Japanese entrepreneurs want to launch in Silicon Valley
In its 2010 report, the Global Entrepreneurship Monitor ranked Japan lowest among advanced economies in terms of attitudes toward launching new businesses. It noted that Japanese were the least likely to consider becoming entrepreneurs.
In the aftermath of the earthquake and tsunami, which cost more than 13,000 lives and triggered widespread power outages and radioactive leaks from the Fukushima Daiichi nuclear power plant, there was a "shattering of trust in big institutions" across Japanese society, said Phil Libin, CEO of Mountain View-based Evernote, a provider of note-taking and archiving technology that has operations in Tokyo.

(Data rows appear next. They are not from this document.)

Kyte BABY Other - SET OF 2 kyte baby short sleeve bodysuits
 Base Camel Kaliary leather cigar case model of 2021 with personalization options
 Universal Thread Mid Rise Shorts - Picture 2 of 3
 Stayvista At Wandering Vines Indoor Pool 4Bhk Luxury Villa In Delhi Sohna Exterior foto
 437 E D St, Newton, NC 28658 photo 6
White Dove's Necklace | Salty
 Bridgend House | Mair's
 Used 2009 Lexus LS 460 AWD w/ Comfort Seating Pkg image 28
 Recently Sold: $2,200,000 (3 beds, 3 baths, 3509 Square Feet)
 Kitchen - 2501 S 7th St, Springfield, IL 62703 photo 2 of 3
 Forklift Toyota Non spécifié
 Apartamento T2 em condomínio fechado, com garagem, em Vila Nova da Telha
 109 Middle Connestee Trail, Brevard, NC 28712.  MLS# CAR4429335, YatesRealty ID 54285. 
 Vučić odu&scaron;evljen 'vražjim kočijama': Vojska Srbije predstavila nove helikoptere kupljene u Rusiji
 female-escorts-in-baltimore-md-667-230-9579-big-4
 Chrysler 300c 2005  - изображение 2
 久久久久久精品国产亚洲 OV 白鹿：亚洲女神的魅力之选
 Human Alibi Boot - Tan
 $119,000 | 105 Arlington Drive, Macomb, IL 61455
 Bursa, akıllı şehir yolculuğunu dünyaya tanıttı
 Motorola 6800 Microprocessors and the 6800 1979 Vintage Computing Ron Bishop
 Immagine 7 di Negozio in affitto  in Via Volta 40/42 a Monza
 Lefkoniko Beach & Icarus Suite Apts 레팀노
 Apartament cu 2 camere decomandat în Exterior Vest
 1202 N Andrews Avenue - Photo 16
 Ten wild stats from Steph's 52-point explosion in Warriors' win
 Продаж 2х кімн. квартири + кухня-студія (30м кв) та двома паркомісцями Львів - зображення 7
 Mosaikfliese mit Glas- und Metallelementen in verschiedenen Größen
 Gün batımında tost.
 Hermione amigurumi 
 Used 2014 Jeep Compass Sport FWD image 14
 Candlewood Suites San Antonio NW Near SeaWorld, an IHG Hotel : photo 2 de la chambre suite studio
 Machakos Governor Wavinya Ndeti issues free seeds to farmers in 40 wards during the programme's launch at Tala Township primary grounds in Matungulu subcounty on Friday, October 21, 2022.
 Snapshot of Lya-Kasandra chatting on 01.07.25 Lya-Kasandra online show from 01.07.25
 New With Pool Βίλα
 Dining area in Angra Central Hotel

That collapse of faith extended to large tech companies, many of whom have broken with long-held promises of lifelong employment with mass layoffs.
"The younger generation, their parents are getting fired from the big companies," said Nobuyasu Kondo, an executive with Tokyo-based GNT, a Japanese mobile and gaming platform. "They realize if you work for the big company, you can still get fired. So why not take a risk and start your own company?"
Government officials, academics and industry leaders say that if the nation is to regain its technological mojo, it needs to jump-start an entrepreneurial culture, and that includes tapping into Silicon Valley.
"To come to Silicon Valley, that is the dream of many startup companies and entrepreneurs in Japan," said Yukiko Pollard, general manager of Tokyo-based image processing software company Morpho, which opened a San Jose office this year.
But young Japanese entrepreneurs face daunting obstacles. In Japan, there is nothing resembling the entrepreneurial ecosystem of Silicon Valley. And while companies like Mana.bo are able to tap into venture capital here for initial startup funding, there is a dearth of investors willing to spend the larger sums needed to fund deep research and development to prepare startups for the global market, experts say.
"In Silicon Valley, you can get $20 million (in startup funding) without owning a suit. In Japan, it's much harder to raise money," said Evernote's Libin, a big fan of Japanese technological prowess looking to make investments in the country.